Grace Benayon constrói sua candidatura em torno de um ativo que as análises quantitativas raramente capturam: a ausência de rejeição. Seu histórico é institucional e limpo. Advogada com legitimidade histórica na OAB, discurso de representatividade feminina consistente e sem ambiguidade, trajetória inteiramente livre de episódios de contestação processual. Quando o Pleno do TJAM precisa escolher um nome feminino que não traga qualquer risco reputacional para a Corte — e a paridade de gênero é um elemento que o processo estruturalmente contempla —, Grace Benayon é a candidatura que não levanta questões antes de ser aprovada. Isso tem valor institucional objetivo. Não é pouco.
Aniello Aufiero representa outro arquétipo dentro da lista: o da autoridade técnica sedimentada pelo tempo e pelo reconhecimento coletivo.

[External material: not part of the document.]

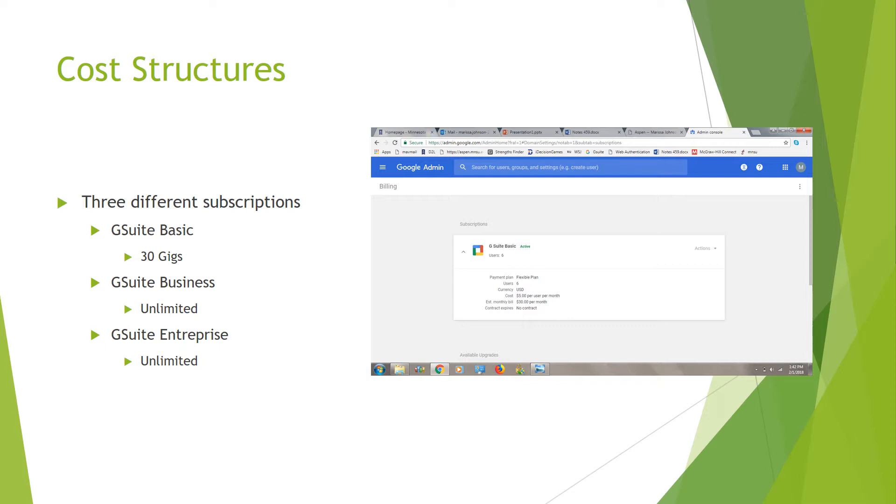Whereas if you go into the G Suite Business, that one's going to have more of an unlimited option for you, but that one's going to cost you $10 more a month. With the business one, you're going to get enhanced Office Suite with unlimited storage. It's going to have retention policies, e-discovery, and audit reporting. So you get more of a larger aspect for your company.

Mais de quarenta anos de advocacia criminal e cível, fundador do Preparatório Aufiero — o curso que formou gerações de advogados amazonenses e que é, por si só, uma instituição dentro da classe —, conselheiro federal da OAB de 2019 a 2022, presidente do IAB-AM desde 2019, Medalha Ruy Araújo pela Assembleia Legislativa em 2019, Medalha de Ouro da Câmara Municipal em 2022, Medalha do Mérito Acadêmico da ESMAM em 2024. E um dado que muitos esquecem: em 2010, foi o único advogado amazonense a integrar a lista sêxtupla do Superior Tribunal de Justiça, com votação expressiva no Conselho Federal da OAB. Sua candidatura ao TJAM é vista pelo meio jurídico como uma espécie de reconhecimento tardio, quase inevitável. Por isso gera pouquíssima resistência ativa. Ninguém rejeita Aufiero. A pergunta é se a máquina política consegue sustentá-lo através das duas fases restantes.

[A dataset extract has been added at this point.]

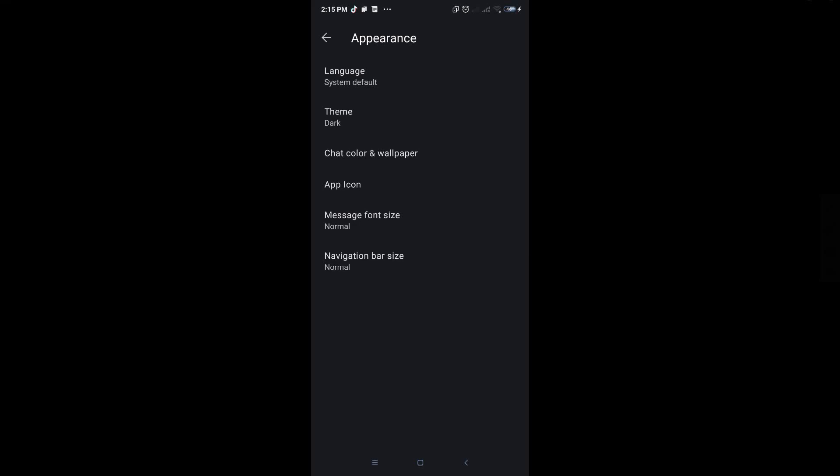If you want to change a few settings here like making your font size bigger, you could do that through Appearance. To change your app icon, just click on the app icon option and they have a lot of options to choose from here.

Carmem Romero completa a lista com representatividade regional e base corporativa sólida na advocacia de base, mas sem a densidade de articulação multiescalar dos demais nomes. Sua candidatura é competitiva dentro da OAB-AM, mas com menor capilaridade nos andares seguintes do processo — o que não é demérito pessoal, mas é um dado objetivo da análise institucional.

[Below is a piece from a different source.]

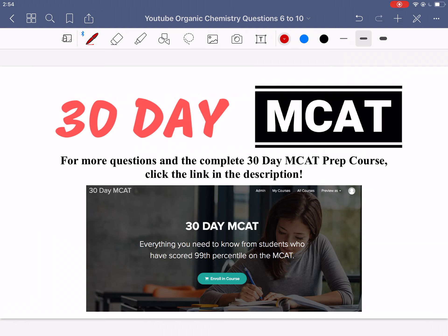We'd like to remind you that we have a course called the 30 Day MCAT Prep Course on teachable.com. In this course we have lessons and we go through a lot of questions just like in this video — breaking down what the question is asking, the correct answer, and why the other answers are incorrect. If you liked what you saw here, check out our course, and if you get this type of thinking down you're going to do really well on the MCAT.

Matriz de Sentimento Institucional — SNCPI/Quinto Constitucional TJAM 2026
| Candidato(a) | Capital Eleitoral | Rejeição Institucional | Conforto Governo |
| Giselle Falcone | Máximo | Elevado | Moderado |
| Marco Aurélio Choy | Alto | Moderado | Cauteloso |
| Carlos Alberto Ramos Filho | Médio | Mínimo | Alto |
| Grace Benayon | Médio | Mínimo | Alto |
| Aniello Aufiero | Médio | Mínimo | Alto |
| Carmem Romero | Regular | Baixo | Neutro |
Fonte: análise SNCPI com base em 48 fontes públicas verificadas. Protocolo AZR-BRS v2.0.
O que a leitura consolidada de sentimento institucional deste processo revela, quando se observa a sequência completa do rito — OAB, TJAM, governador —, é que o Quinto Constitucional de 2026 está sendo decidido por uma combinação de variáveis que raramente aparecem nas coberturas convencionais: governabilidade futura, ausência de rejeição transversal, aceitação silenciosa pelos desembargadores e custo reputacional percebido pelo Executivo. Nessas quatro dimensões, os nomes se reorganizam de uma maneira completamente diferente do ranking eleitoral. E é nessa reorganização silenciosa que as apostas reais dos bastidores estão sendo feitas.
O governador Roberto Cidade herdou esse processo de um antecessor que foi afastado antes de concluí-lo. Wilson Lima presidiu o Executivo amazonense durante o período mais longo de tramitação da disputa, chegou a ter seu nome associado a preferências internas, mas deixou o cargo sem nomear o desembargador. Roberto Cidade chega ao estágio final desse processo sem o peso de compromissos políticos anteriores nessa matéria específica — o que, paradoxalmente, amplia sua margem de manobra e torna o desfecho ainda mais aberto do que costuma ser em situações equivalentes.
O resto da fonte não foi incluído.